なぎ食堂の小田さんが雑誌『スペクテイター』のインタビューで「コミュニティに入らなくてもなんとかやってける方法」とか「自分に会いに店に来る人はひとりもいなくていい」って言ってて、腑に落ちた。コミュニティやムラでそれなりに渡り歩けてしまう私ですら、ムラの空気に疲れるときはあるから分かりみがある。「つながり」や「コミュニティ」が必要とされるときもあるけど、基本的にはフリーでいたい人のための方法論を、個人や民間で「公共」を実践している人たちは持っている。町は生き物。人も生き物。私設公民館のようで、誰をも受け入れることに向き合ったり、うまいことやれるような市場をつくっている。私は「1.5人」でいられるサウナや、特に構われなくても顔見知りが増えることで安心する銭湯や、出入り自由の #FREEUSHIKU のキャンペーンに可能性やチャンスを見たりする。

私たちが川崎や横浜でやっているアートはダイレクトな「地縁」発生ではあるのだけれど、政治や差別に対して問題意識を持つコレクティブでもあるから、なんとなく理由なくも、必要があって「つどえる(集える)」空気がある。飲み会のネタを探している風でもある。東日本大震災後に隈研吾が言った「しがらみは快楽になる」という台詞は的を射ていて、ずっと頭に残っているのだが、それも更新の時期にきたようだ。土地の面倒な「しがらみ」も慣れてしまえば快楽になる、意。その気持ちも分かるけれど、現在進行形では「しばりが快楽になる」でいいのでは。その「しばり」は自分で決めてもいいし、抜けてもいい。自治が認められている。

私が考えるしばりは「暦」。フリーでいたい人が集うための方法論は、祭ではなく暦なのではないか。
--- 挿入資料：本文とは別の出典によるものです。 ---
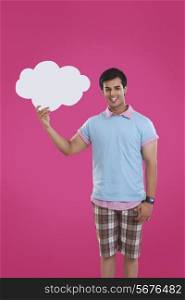 Portrait of smiling young man holding thought bubble over pink background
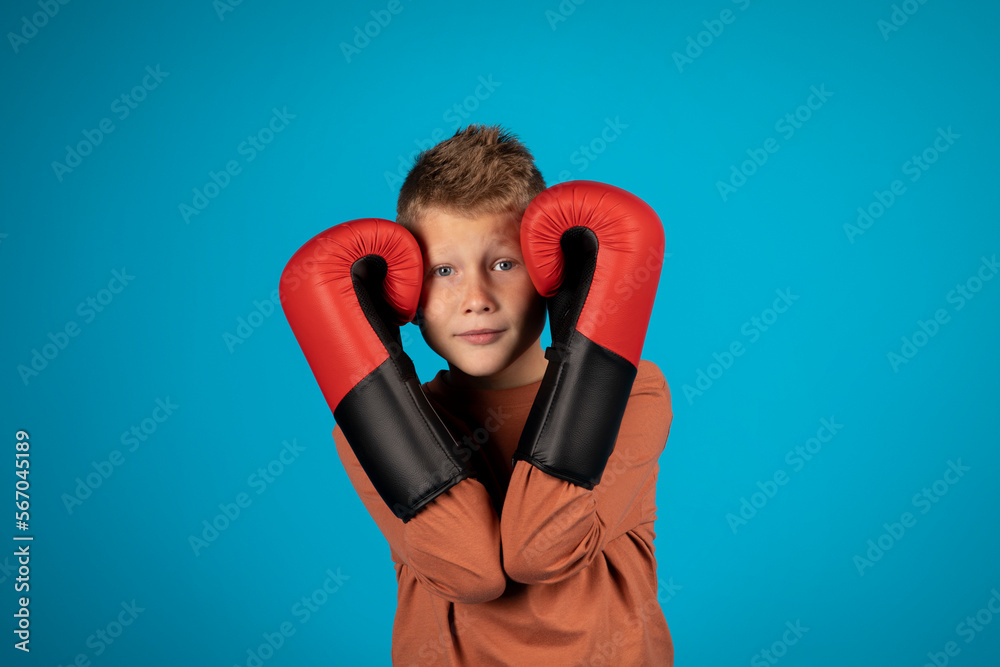 Portrait Of Preteen Blonde Boy Covering Ears With Boxing Gloves Portrait Of Preteen Blonde Boy Covering Ears With Boxing Gloves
祭は人が集うためのコンテンツだけど、好き嫌いも生まれる。コミュニティ維持のためのコンテンツがしがらみになる。しがらみを快楽として受容できれば良いが、そうもいかず、手放しで賞賛はできない。しかし「暦」は四季折々のスケジュールのことだから、関わり方も含めて参入ハードルを低く設定できる。暦の1つのコンテンツ=祭として考えたら、そこまで気張らなくてもいい。思いがある人、ちょっと手伝いたい人、気になって年に一度は帰ってくる人。人は暦で祭を記憶する。
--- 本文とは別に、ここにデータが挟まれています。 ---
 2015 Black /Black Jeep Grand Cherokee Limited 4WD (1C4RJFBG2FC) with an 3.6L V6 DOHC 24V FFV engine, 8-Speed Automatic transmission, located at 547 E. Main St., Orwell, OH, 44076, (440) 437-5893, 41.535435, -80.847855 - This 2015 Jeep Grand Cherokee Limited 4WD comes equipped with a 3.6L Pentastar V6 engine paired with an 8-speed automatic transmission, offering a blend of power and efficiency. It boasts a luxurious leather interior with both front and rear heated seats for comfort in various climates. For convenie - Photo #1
皆がそれぞれのレイヤーでDIYに好きにはじめている。フリーでクラウドのアクティビストたち。暦や尊厳や公共空間にあえて「しばられ」て、ときどき抜けたり戻ってきたりすることが出来る。そのためのサロンやネットワーキングがあちこちで生まれている。先日、田町・芝浦の『SHIBAURA HOUSE』のお茶会に参加した。オランダの教育や福祉、難民支援の現場の視察土産話を聞いた。「公共」を考えていたタイミングで、私の意図に合致したサロンに出会えたことが喜ばしい。川崎の反差別運動、コレクティブ・ハウス、官民連携、虐待防止に繋がる子育てメールプロジェクトなどについて、おしゃべりをした。調子こいて、いつも以上によく喋った。 http://www.shibaurahouse.jp/ 

『SHIBAURA HOUSE』は平日は1階は誰でも自由に使えるコミュニティ・スペース。土日祝日はお休み。場所が京浜東北線沿線の動線に位置することは、私にとって大きなヒントをもらったようで、心湧く。これに関してはのちのち明らかになるだろう。社会について考えて、変えてゆくための入口はたくさんある。「つながり」の作法や温度差も自由で、自然発生的なコレクティブや一通のメールからはじまる。芝浦は、オフィス街の前は倉庫街だったそうだ。再開発やリノベーションが生む市場またはコミュニティーに、共生したい人たちが含まれる動線が設計されているか、常に敏感になる。

ゴードン・マッタ=クラークは、ジェントリフィケーションへの懐疑としてのアートを展開した。図らずもゴードンの手法や感性がジェントリフィケーションを生んだ可能性については批判的に考察されてしかるべき。地域・社会との関係を築くための必要条件は、多様性。クリエイティヴや建築は「排除」の可能性にセンシティヴにならなければいけない。共生を愉しもう。